Let me raise another aspect of the job that’s immensely appealing to me. I had a particularly difficult time in coming to know what I wanted to “do with my life”, at least on a long-term basis, because I’m by nature an insatiably curious person. I was lucky growing up on a game farm where my parents indulged my curiosity with Time-Life Books and National Geographic Magazines and whatever they could get on astronomy, archeology, calligraphy, or, to cite my favorite: animal tracks and spore! As I’ve written previously, my early adult life was characterized by a string of very different jobs. In fact, one could describe my current job as “therapy for the insatiably curious”. On a given day, I might read cases or have conversations about tourism in the USSR, Shakespeare’s innovations with vengeance plays, Coast Salish language revitalization, sustainability in China, Aristotle’s philosophy of nature, the relationship between political parties and development in a village in Rajasthan, or the use of drone bombs in contemporary American warfare. And in a small way I get to contribute to sustaining the foundation for all of this great research and teaching to happen.

I’ve realized over the years that I’m a visual thinker and a systems thinker, and that I’ve always been attracted to the challenges of solving problems. In fact, I’m a sucker for challenges. As my wife is fond of reminding me, every academic job I’ve taken has been at a smaller effective salary than my last job, but they’ve always resulted in bigger challenges. And a deanship might be viewed as a succession of challenges, generally scores of them every day: structure a spousal hiring for retention of a faculty member; review and respond to an external review; figure out how to fund a construction project for a department; seek out donors for an endowed professorship; cancel a professorial search to reinforce the importance of diversity; determine the routing of a difficult tenure and promotion case; try to solve the long-term insolvency of a unit; consider a major new program with another Faculty; review appointment letters; review proposals to Senate; convince candidates to serve as Heads; see if we can assist in a retirement … that’s just culled from a portion of the docket on one day this week.

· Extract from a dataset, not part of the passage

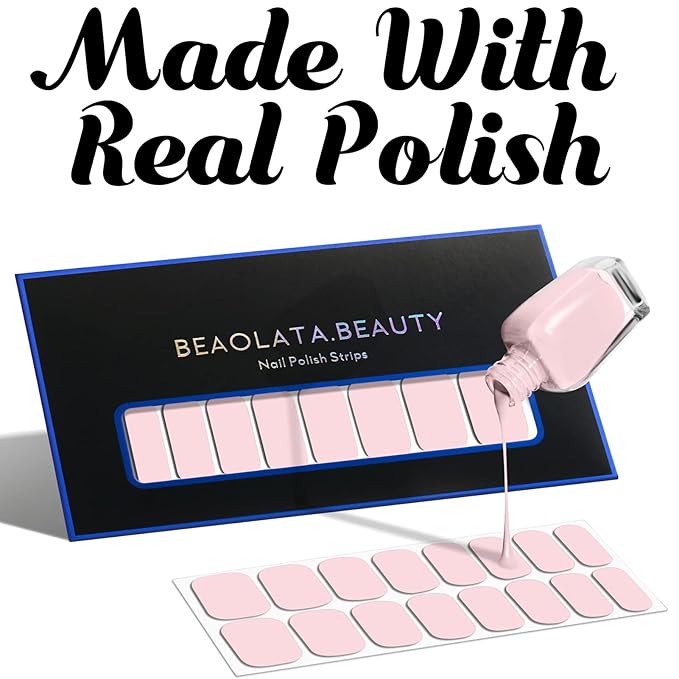 Nail Polish Strips, 32PCS Salon Quality Wraps, Long Lasting Gel Nail Stickers for Women Easy Apply& Remove (Rosy Sparkle Pink)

Every once in a while, I even get to teach a class, and thankfully I get to interact with students much the time. And if I’m ridiculously disciplined, or maybe selfish, I can eke out a little time to work on research and publication – I’m setting up a research lab/office, and I escape there whenever I can. In the most enjoyable moments of the job, I’m surrounded by and interacting with smart and creative people, I get to explore ideas and solutions and plan, maybe even laugh at some of the absurdities of institutional life, and I even get to help a little magic to happen. Being a part of the decision making, indulging my curiosity, helping some good things to happen that affect student’s lives and that can have a beneficial impact on society – these are the core attractions of the deanship for me. This is what makes putting up with the pace of the job and the stresses of having to make hard decisions and the constant strains on Faculty finances all tolerable. My lunch partner the other day talked about how much fun it had been to be a dean, and mentioned that in her current work she was having to find out how to influence the course of academic life and programs without having the authority to make it happen. I can relate — it is fun! It can also be incredibly stressful and consuming, and to use a word beloved of deans these days: relentless. But it is never boring.

I remember an article in the Chronicle of Higher Education many years ago that looked at what people do after serving as a dean. Less that a quarter of them went back into the classroom as full-time professors. Most have been too far removed from the literature and the changes in classroom technology and pedagogy to feel that they are the still the kinds of effective instructors that they looked for in their faculty. Most either retire or go onto other academic administrative positions. I have no idea what I will want to do when the time comes around, but it looks like I will once again have to ask myself the question: “What do I want to do when I grow up?”